[PATCH v4 4/8] crypto: x86/aesni-xctr: Add accelerated implementation of XCTR

Mon Apr 18 17:13:54 PDT 2022

On Tue, Apr 12, 2022 at 05:28:12PM +0000, Nathan Huckleberry wrote:
> diff --git a/arch/x86/crypto/aesni-intel_asm.S b/arch/x86/crypto/aesni-intel_asm.S
> index 363699dd7220..ce17fe630150 100644
> --- a/arch/x86/crypto/aesni-intel_asm.S
> +++ b/arch/x86/crypto/aesni-intel_asm.S
> @@ -2821,6 +2821,76 @@ SYM_FUNC_END(aesni_ctr_enc)
>  
>  #endif
>  
> +#ifdef __x86_64__
> +/*
> + * void aesni_xctr_enc(struct crypto_aes_ctx *ctx, const u8 *dst, u8 *src,
> + *		      size_t len, u8 *iv, int byte_ctr)
> + */
> +SYM_FUNC_START(aesni_xctr_enc)
> +	FRAME_BEGIN
> +	cmp $16, LEN
> +	jb .Lxctr_ret
> +	shr	$4, %arg6
> +	movq %arg6, CTR
> +	mov 480(KEYP), KLEN
> +	movups (IVP), IV
> +	cmp $64, LEN
> +	jb .Lxctr_enc_loop1
> +.align 4
> +.Lxctr_enc_loop4:
> +	movaps IV, STATE1
> +	vpaddq ONE(%rip), CTR, CTR
> +	vpxor CTR, STATE1, STATE1
> +	movups (INP), IN1
> +	movaps IV, STATE2
> +	vpaddq ONE(%rip), CTR, CTR
> +	vpxor CTR, STATE2, STATE2
> +	movups 0x10(INP), IN2
> +	movaps IV, STATE3
> +	vpaddq ONE(%rip), CTR, CTR
> +	vpxor CTR, STATE3, STATE3
> +	movups 0x20(INP), IN3
> +	movaps IV, STATE4
> +	vpaddq ONE(%rip), CTR, CTR
> +	vpxor CTR, STATE4, STATE4
> +	movups 0x30(INP), IN4
> +	call _aesni_enc4
> +	pxor IN1, STATE1
> +	movups STATE1, (OUTP)
> +	pxor IN2, STATE2
> +	movups STATE2, 0x10(OUTP)
> +	pxor IN3, STATE3
> +	movups STATE3, 0x20(OUTP)
> +	pxor IN4, STATE4
> +	movups STATE4, 0x30(OUTP)
> +	sub $64, LEN
> +	add $64, INP
> +	add $64, OUTP
> +	cmp $64, LEN
> +	jge .Lxctr_enc_loop4
> +	cmp $16, LEN
> +	jb .Lxctr_ret
> +.align 4
> +.Lxctr_enc_loop1:
> +	movaps IV, STATE
> +	vpaddq ONE(%rip), CTR, CTR
> +	vpxor CTR, STATE1, STATE1
> +	movups (INP), IN
> +	call _aesni_enc1
> +	pxor IN, STATE
> +	movups STATE, (OUTP)
> +	sub $16, LEN
> +	add $16, INP
> +	add $16, OUTP
> +	cmp $16, LEN
> +	jge .Lxctr_enc_loop1
> +.Lxctr_ret:
> +	FRAME_END
> +	RET
> +SYM_FUNC_END(aesni_xctr_enc)
> +
> +#endif

Sorry, I missed this file.  This is the non-AVX version, right?  That means that
AVX instructions, i.e. basically anything instruction starting with "v", can't
be used here.  So the above isn't going to work.  (There might be a way to test
this with QEMU; maybe --cpu-type=Nehalem without --enable-kvm?)

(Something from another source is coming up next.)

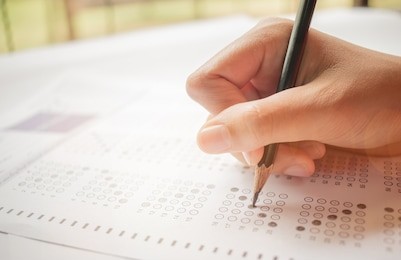 hand student testing in exercise and taking fill in exam carbon paper computer sheet with pencil at school test room, education concept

You could rewrite this without using AVX instructions.  However, polyval-clmulni
is broken in the same way; it uses AVX instructions without checking whether
they are available.  But your patchset doesn't aim to provide a non-AVX polyval
implementation at all.  So even if you got the non-AVX XCTR working, it wouldn't
be paired with an accelerated polyval.

So I think you should just not provide non-AVX versions for now.  That would
mean:

	1.) Drop the change to aesni-intel_asm.S
	2.) Don't register the AES XCTR algorithm unless AVX is available
	    (in addition to AES-NI)
	3.) Don't register polyval-clmulni unless AVX is available
	    (in addition to CLMUL-NI)

- Eric